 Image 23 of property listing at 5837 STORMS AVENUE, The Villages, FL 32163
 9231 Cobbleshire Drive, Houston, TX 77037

==

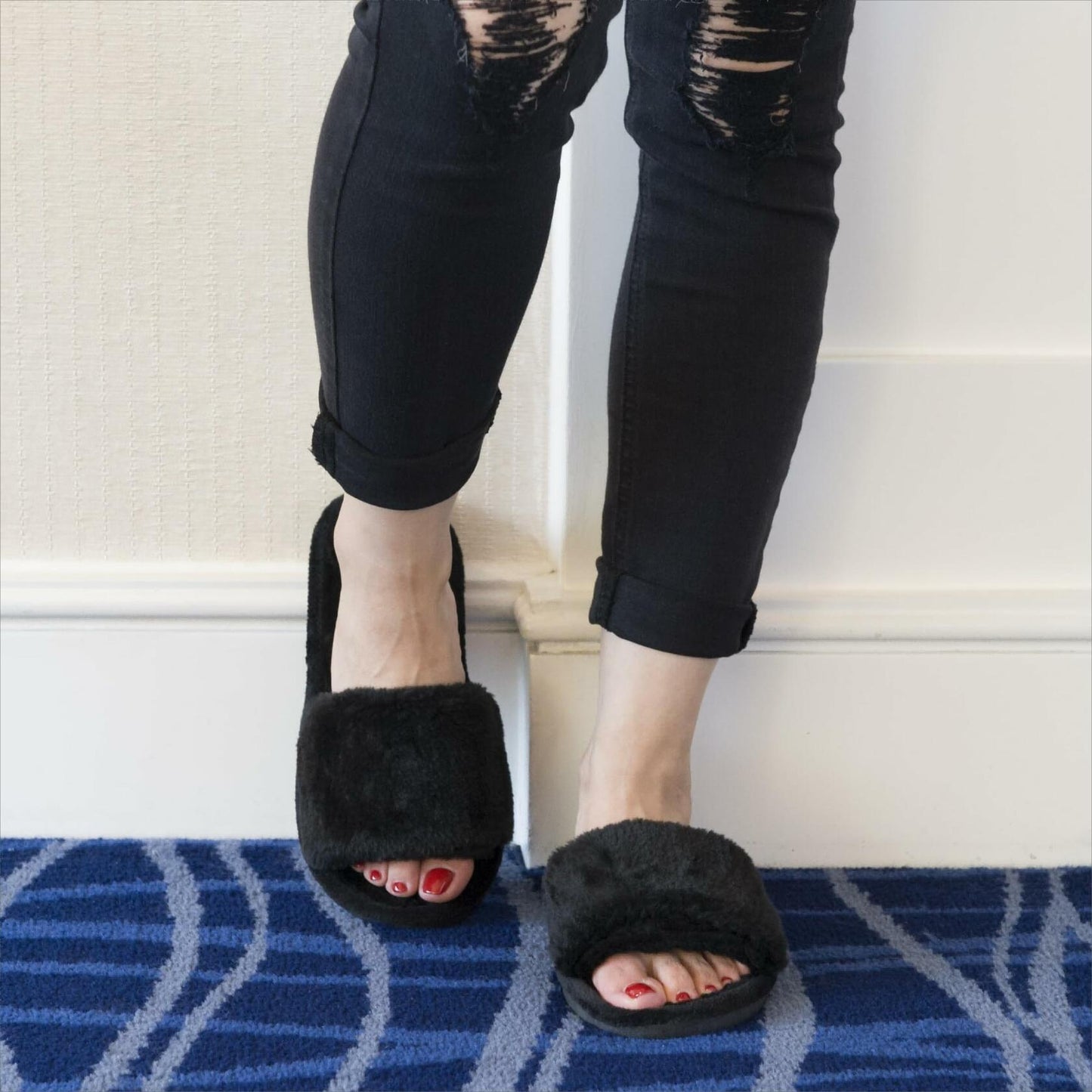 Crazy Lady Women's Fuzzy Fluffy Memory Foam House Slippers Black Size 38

THE PROBLEM
Produce a word-for-word copy of everything above from the line holding "Image 23 of" down to the line holding "9231 Cobbleshire Drive, Houston, TX 77037", with both of those lines kept.

SOLUTION
 Image 23 of property listing at 5837 STORMS AVENUE, The Villages, FL 32163
 9231 Cobbleshire Drive, Houston, TX 77037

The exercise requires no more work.